No entanto, observa-se que na Ontologia, Lucáks passa a criticar a ideia de sujeito-objeto idênticos. Ele considera que superar o subjetivismo transcendente de Kant é um grande passo, abre uma via de progresso no pensamento, no entanto, a forma como Hegel segue essa via propicia na verdade um retorno a um momento da filosofia anterior ao da diferenciação e contrariedade entre materialismo e idealismo. Parece que a forma meio “atrapalhada” que Hegel volta a Spinoza, acaba jogando ele para antes de Spinoza (Descartes).
Spinoza está sempre pensando em Deus, lendo o antigo testamento, mas seu esforço é de interpretar de uma forma em que a gente possa entender que a dominação política é dos homens e não da religião (espiritual). Isso porque ele está em uma época em que o pensamento é justificado em uma ordem espiritual. Ele defendia a imanência como uma forma de dar poder aos homens e mulheres para agir politicamente.
Ponto 02: O more geométrico de Spinoza
Parágrafo “Esse é um dos fundamentos...” (p. 490).
O more geométrico é classicamente colocado por Spinoza no livro da ética. Spinoza argumenta sua filosofia como se fizesse uma espécie de paráfrase de Euclides, do livro dos elementos. Ele utiliza uma linguagem matemática, como se estivesse demonstrando um cálculo de geometria. Spinoza traça formulações geométricas, no entanto, ele não deriva os argumentos delas, ele está mais pensando em um movimento de formalização da crítica.
Esse movimento é eminentemente contrário à dialética, está enquadrado em uma lógica puramente formal. O que importa é a validação lógica do argumento e não o conteúdo. Isso é típico da própria metafísica dogmática, que o próprio Kant critica.
Ponto 03: A natureza em Hegel
Do parágrafo “Não é este o lugar para descrever...” (p. 490) até o parágrafo “Com isso chegamos..." (p. 492).

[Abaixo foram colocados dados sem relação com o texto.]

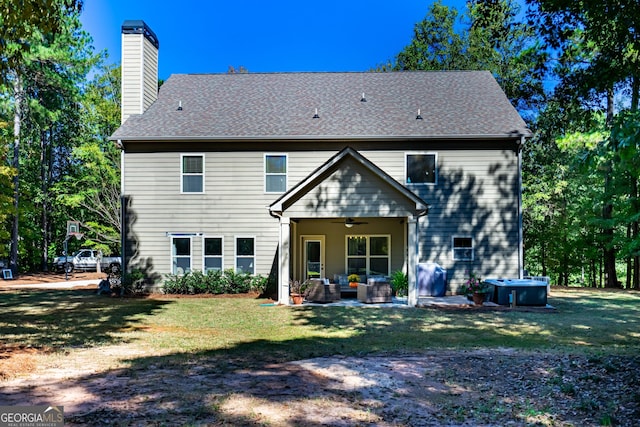 back of house featuring an outdoor living space, a lawn, a patio, and ceiling fan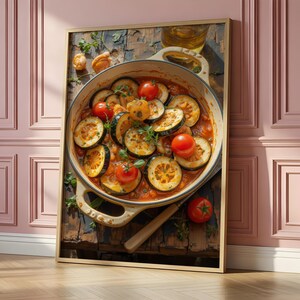 May include: A framed wall art print featuring a top-down view of a cream-colored ceramic pot filled with a cooked vegetable stew. The dish contains sliced zucchini, bright red cherry tomatoes, and green herbs in a rich, orange-red tomato sauce.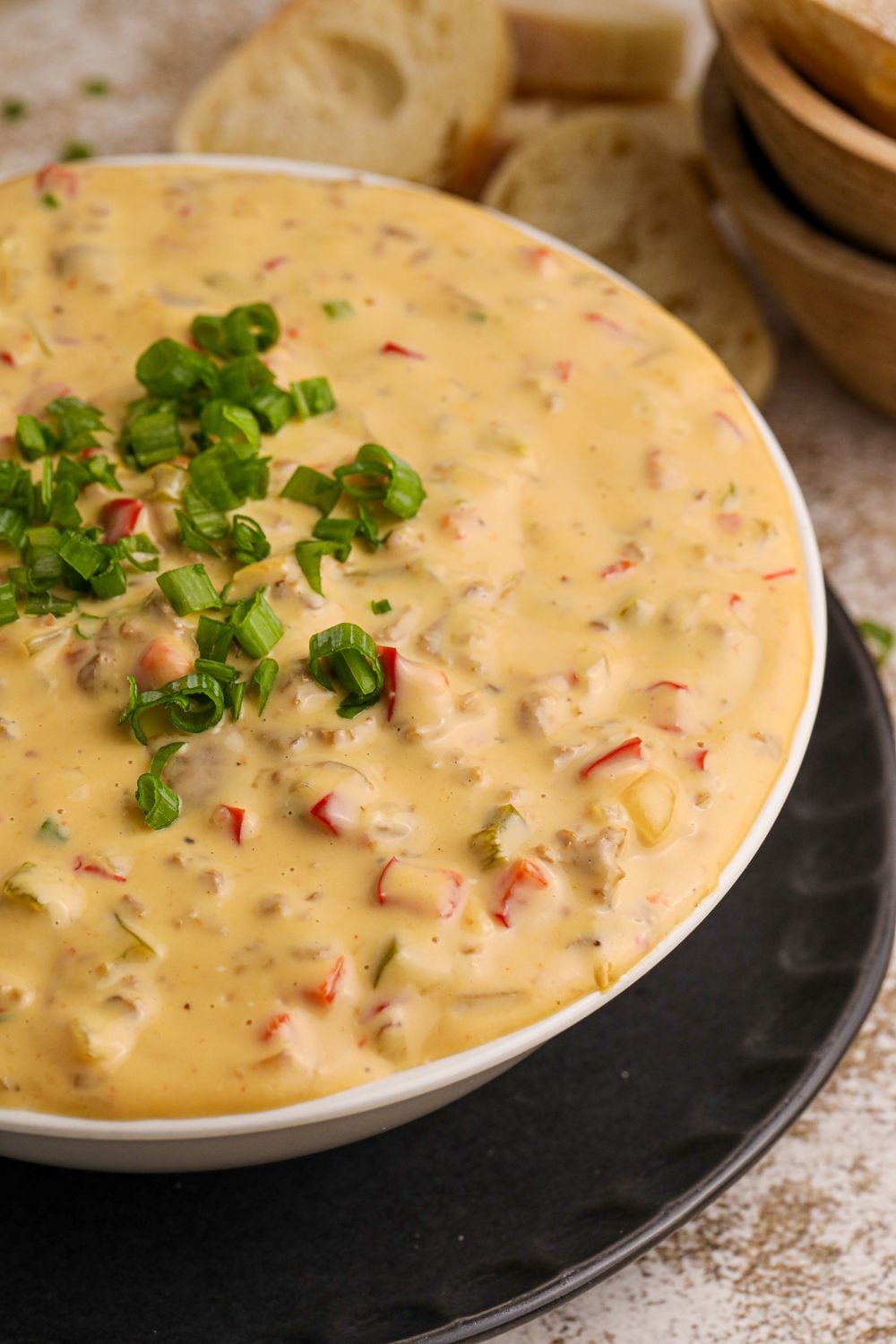 Crock Pot Philly Cheesesteak Dip in a white bowl on table with garnish on top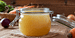 Vegan Chicken broth recipe or vegan chicken stock in a closed jar with recipe ingredients in the background.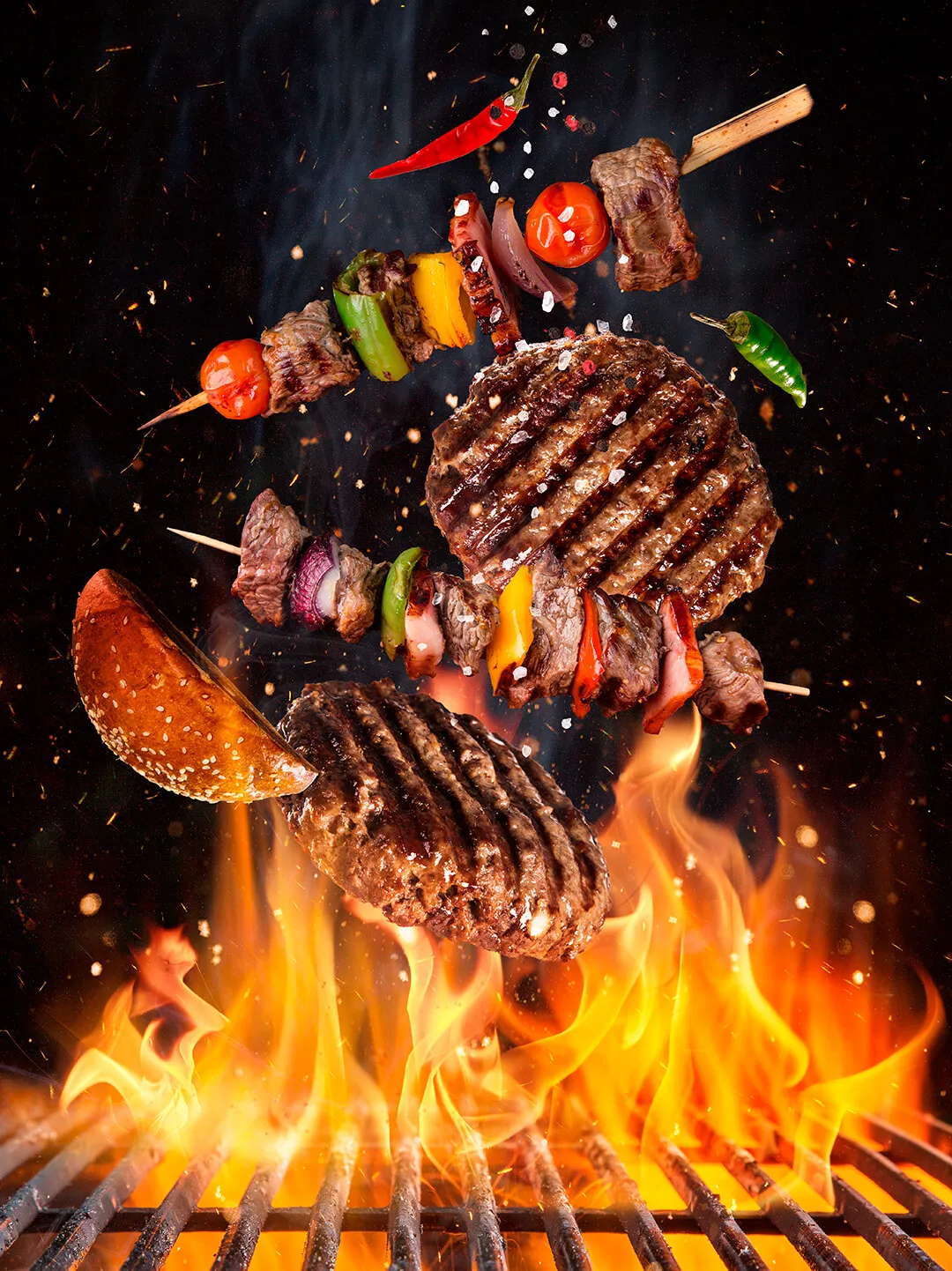 Gegrillte Burgerpatties, Fleischspieße mit buntem Gemüse und Chilischoten über offenem Feuer auf dem Grill.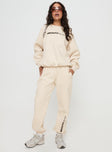 front view of model wearing Princess Polly Princess Polly Track Pants Block / Cursive Text Stone Mid Rise 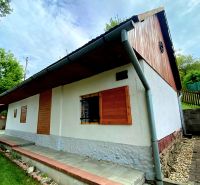 A family house in Mikušovce with a roof covering, wooden shutters, and a well-maintained garden.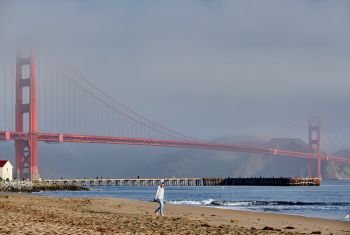 Woman walking on beach near Golden Gate Bridge, San Francisco, California, USA
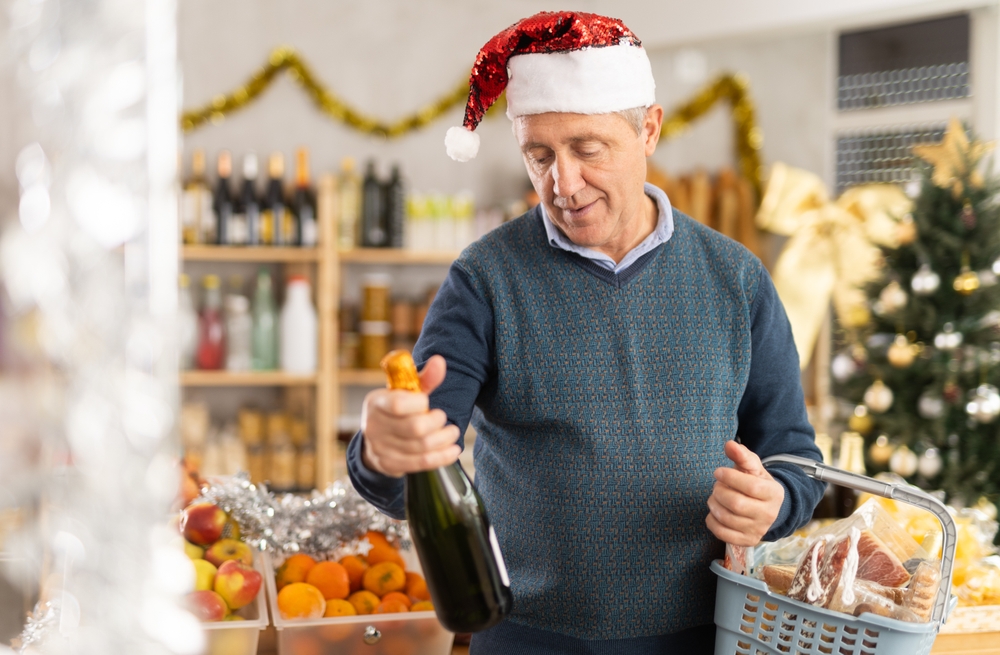 homem branco idoso com uma touca vermelha de Natal olhando para uma garrafa de champanhe em sua mão - mesa posta no Natal - Assaí Atacadista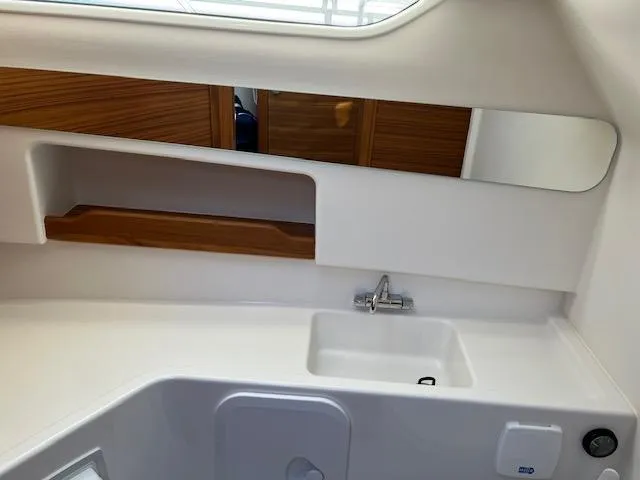 Slide: The Image of Modern bathroom interior of 2023 Nimbus W9 boat with sink and wooden accents. - 15
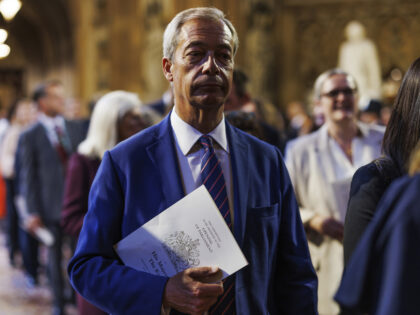 Reform MP Nigel Farage walks through the Central Lobby at the Palace of Westminster ahead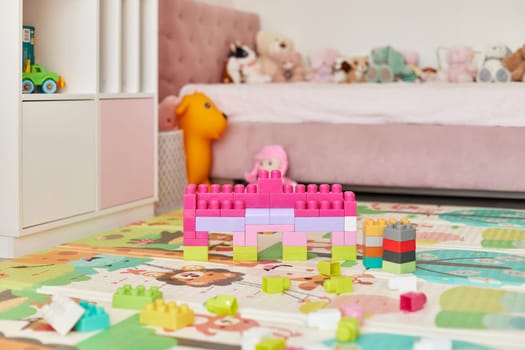 tower made with colorful toy blocks in cute baby girl room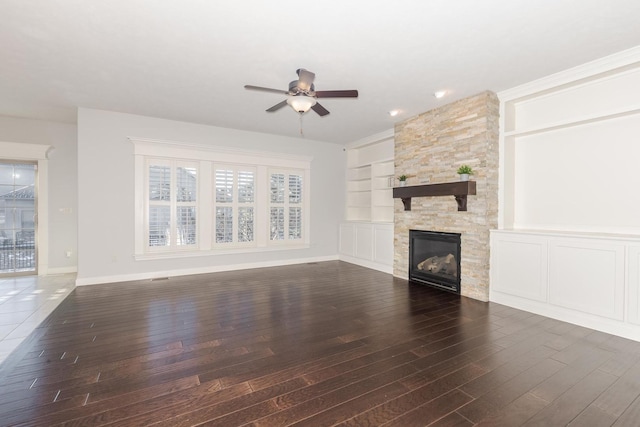 unfurnished living room featuring built in features, a ceiling fan, a fireplace, and dark wood-style floors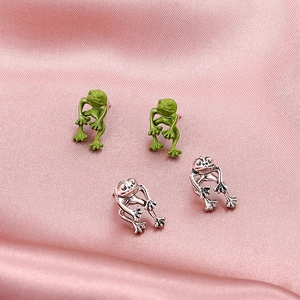 Vintage metal frog stud earrings in green enamel and antique silver finish on pink silk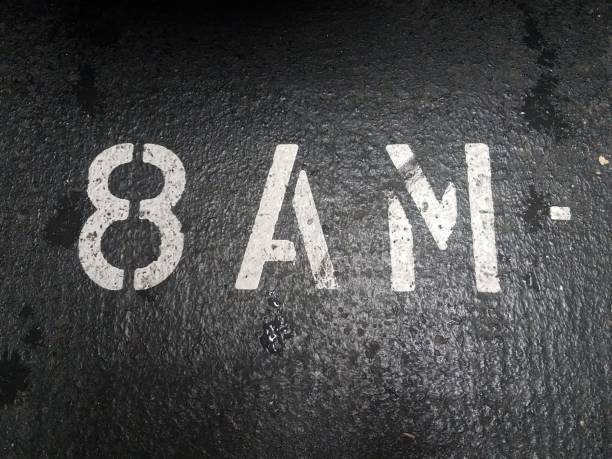 istock eight or 8 AM in white stencil on black asphalt 1171976671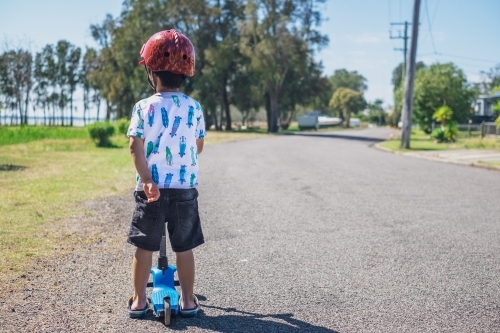 a boy with his scooter, exploring - Australian Stock Image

A natureza para Hegel é uma parte do processo do desenvolvimento da consciência do espírito, mas ela não tem agência. O processo começa com a iniciativa da consciência e termina com a completude do espírito. Isso “fetichiza” a consciência, é idealista por princípio, não coloca na natureza essa autonomia da sua transformação e desenvolvimento, que a ontologia de Lukács coloca (a mudança da natureza orgânica em inorgânica e a transformação da natureza orgânica em consciência). Não é possível chegar nas questões fundamentais do materialismo pelo Hegel, também porque a natureza tem esse papel secundário.
Lukács postula uma historicidade na natureza que não é possível enxergar em Hegel. Apesar da critica estar na existência ou não de historicidade na natureza, não significa que exista para Lukács uma homogeneidade ontológica entre o ser social e o ser natural. Tanto Lukács, quanto Hegel estão postulando uma heterogeneidade entre natureza e ser humano, mas de formas diferentes.
Onde paramos: “Com isso chegamos..." (p. 492).